Activity throws error `tsync_worker_receive_frame: EOF` in Docker setup

I recently experimented converting high workload queued jobs to Temporal workflows and activities.

One in particular involves processing very large CSV files by splitting them in multiple activities.

The issue I have on my end is that the activity eventually re-attempts but I am unsure what the issue could be.

I have posted the error below but if my colleague runs the exact same code the file processed correctly with all the activities never retrying in the first place.

Same amount of workers (1) and num_workers: 10 in .rr.yaml.

We both run the same Docker setup using docker compose which describes the containers necessary to run the application.

Has anyone hit a similar issue? Seems like something to do with my setup, any help would be very much appreciated.

2025-11-24T19:45:46+0000	ERROR	temporal    	Activity error.	{“Namespace”: “default”, “TaskQueue”: “import_create_contacts”, “WorkerID”: “roadrunner:import_create_contacts:4cd9cfb3-050f-4eb4-ba4d-1d791423b919”, “WorkflowID”: “import-contacts-14-1764013389”, “RunID”: “019ab764-366b-7651-9493-0626a82d7dd7”, “ActivityType”: “ProcessCSVChunk”, “Attempt”: 1, “Error”: “activity_pool_execute_activity: Network:\n\tsync_worker_receive_frame: EOF”}

Not sure this is Temporal specific, looks maybe like resource utilization issue on your worker when processing large file, maybe running out of memory/disc space?

One in particular involves processing very large CSV files by splitting them in multiple activities.

can you give more defaults on how your have implemented this use case?

Thanks very much @tihomir, appreciate the help.

There’s something that is not working correctly on my machine specifically, the other machine the code is tested on has less resources than the one I am working on.

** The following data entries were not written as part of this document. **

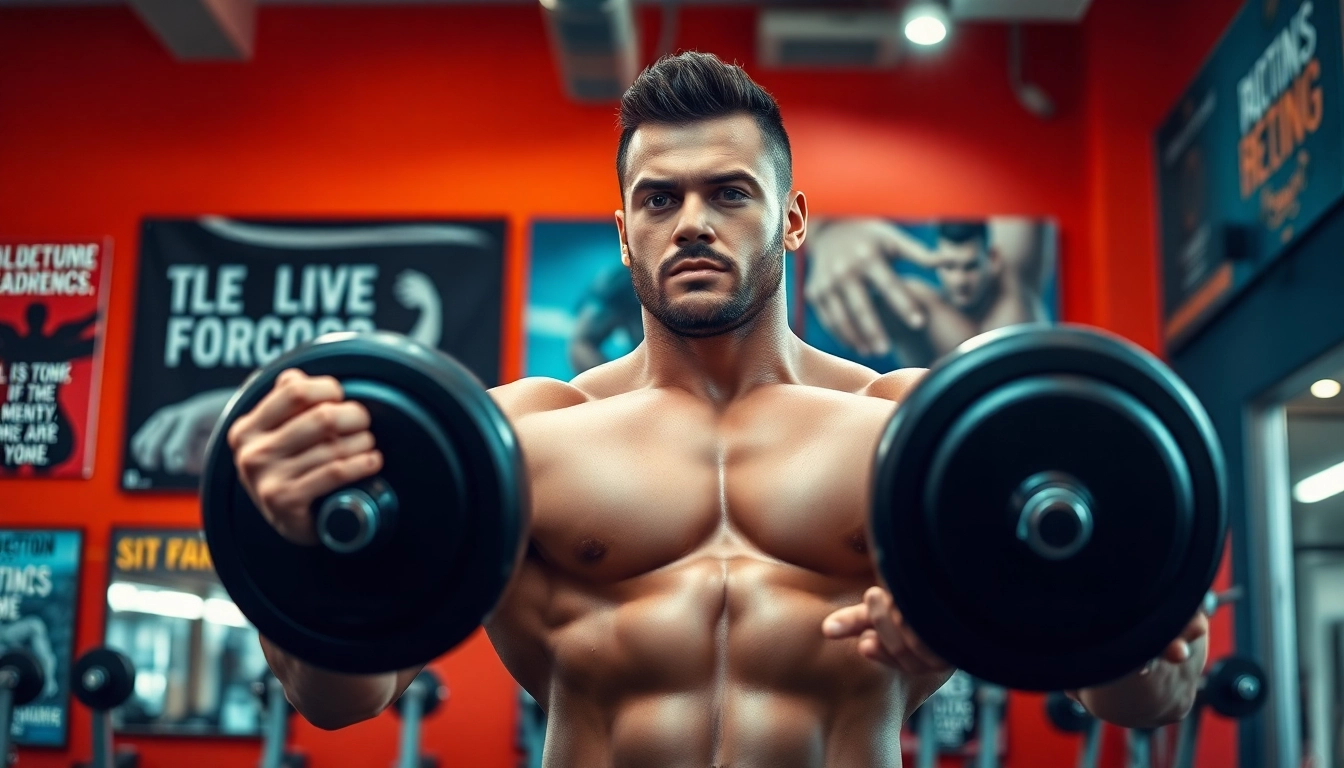 Maxibal Nandrolone Testosterone boosts muscle strength and performance in bodybuilding workouts.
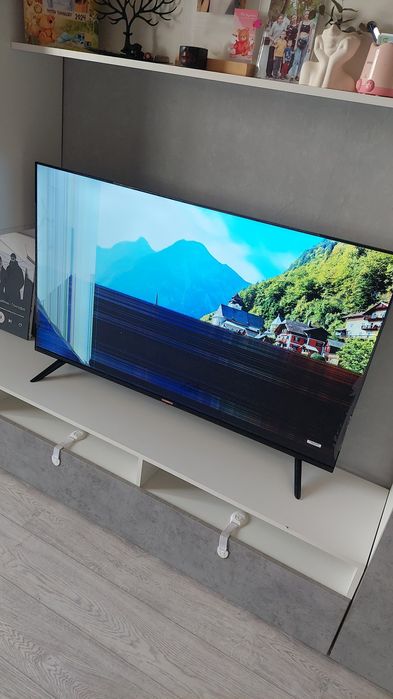 Продам на запчасти ,  LG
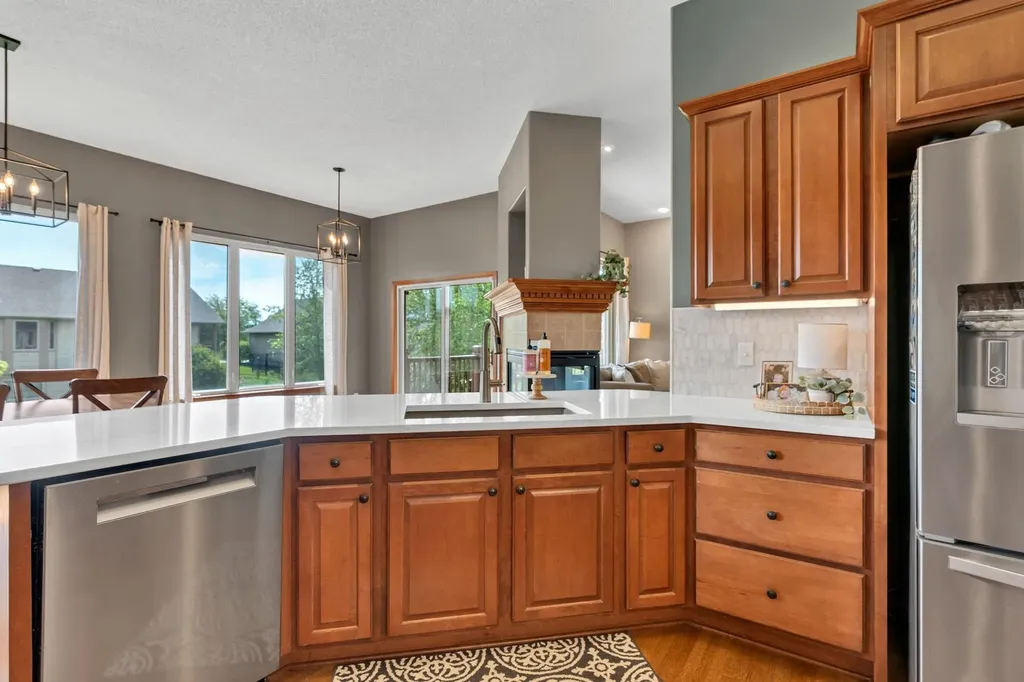 13822 E Camden Chase Court Wichita KS 67228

With 64GB RAM / 4TB disk (25GB RAM / 200GB disk to Docker):

  • Current usage: ~8GB RAM, ~1% CPU, 89GB storage

There’s a chance it is not Temporal specific the CSV is essentially split into chunks and indexes are kept for which rows to process.

As for the process it is the same as it was with the other queue system we were using, except with that queue system this process would complete and process the file.

We don’t actually split the file itself. Instead, we create lightweight “chunk descriptors” that tell each activity which rows to process from the original file.

Step-by-Step Process

  1. Initialization (happens once):
  • Read the CSV file to count total rows and identify any rows to skip

  • Create chunk metadata - just row numbers, not actual data

  • Example: Chunk 1 processes rows 1-1000, Chunk 2 processes rows 1001-2000, etc.

  • We use 1000 rows per chunk for standard imports

  • A 40,000 row CSV creates 40 chunk descriptors

  1. Parallel Execution (via Temporal Workflow):
  • Temporal starts all chunk activities simultaneously

  • Each activity runs independently on available workers

  • Temporal handles the distribution and load balancing

  1. Per-Activity Processing:
  • Each activity opens its own stream to the CSV file from storage

  • Uses an iterator to skip to its assigned row range (e.g., rows 5001-6000)

  • Processes only those rows, then closes the stream

  • Marks each row as “completed” in Redis for crash recovery

  1. Fault Tolerance:
  • If an activity fails, Temporal retries it automatically

  • On retry, we check Redis to skip already-processed rows (prevents duplicate contacts)

  • This allows us to resume exactly where we left off

Key Point: Memory Efficiency

Each chunk descriptor is tiny (just a few integers):

Chunk 15: {start: 15001, end: 16000, run_id: 123, ignored: [15045, 15891]}

We’re not copying the CSV data 40 times. Each activity streams directly from the original file and only reads its assigned rows.

I am reviewing my setup again but since we use Docker and the same OS it should be essentially the same I believe.

It looks a lot more like it’s an issue on my end and not the code but I am unsure what, if I find the answer I will post it here in case anyone runs into a similar issue.